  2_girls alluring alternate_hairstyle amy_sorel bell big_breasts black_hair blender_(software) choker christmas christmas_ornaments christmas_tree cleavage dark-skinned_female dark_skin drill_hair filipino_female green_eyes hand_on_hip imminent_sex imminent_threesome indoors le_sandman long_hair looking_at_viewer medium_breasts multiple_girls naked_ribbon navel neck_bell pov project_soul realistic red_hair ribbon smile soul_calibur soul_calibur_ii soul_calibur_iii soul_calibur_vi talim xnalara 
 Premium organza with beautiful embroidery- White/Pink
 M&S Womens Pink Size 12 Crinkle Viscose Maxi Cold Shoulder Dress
...
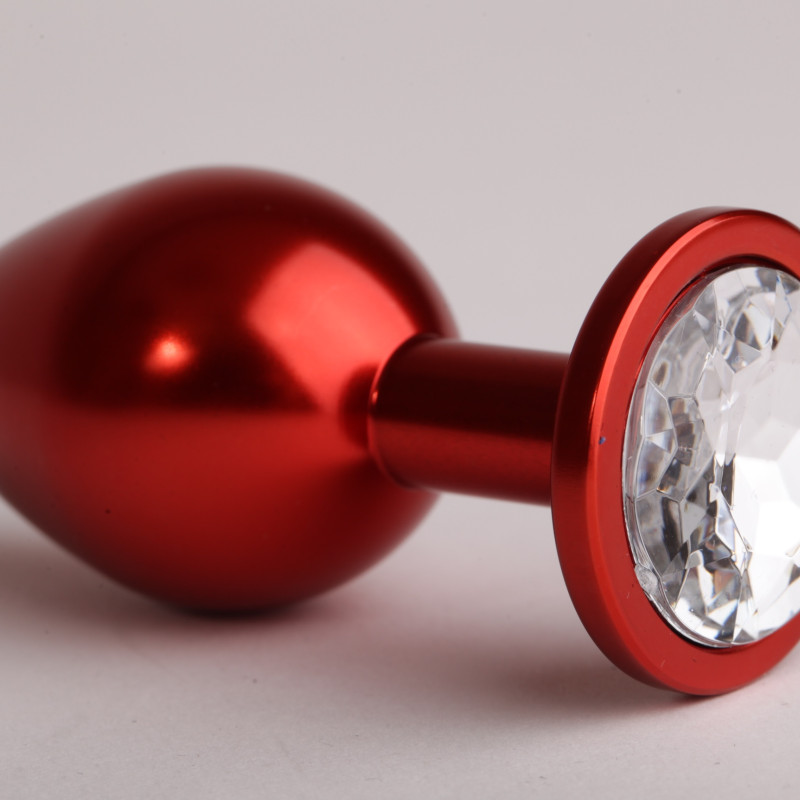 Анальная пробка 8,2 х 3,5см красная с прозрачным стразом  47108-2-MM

Task requirements:
The range runs from the line above containing "Premium organza with" to the line containing "M&S Womens Pink", inclusive. Restate those lines word for word and no others.

Solution to the problem:
 Premium organza with beautiful embroidery- White/Pink
 M&S Womens Pink Size 12 Crinkle Viscose Maxi Cold Shoulder Dress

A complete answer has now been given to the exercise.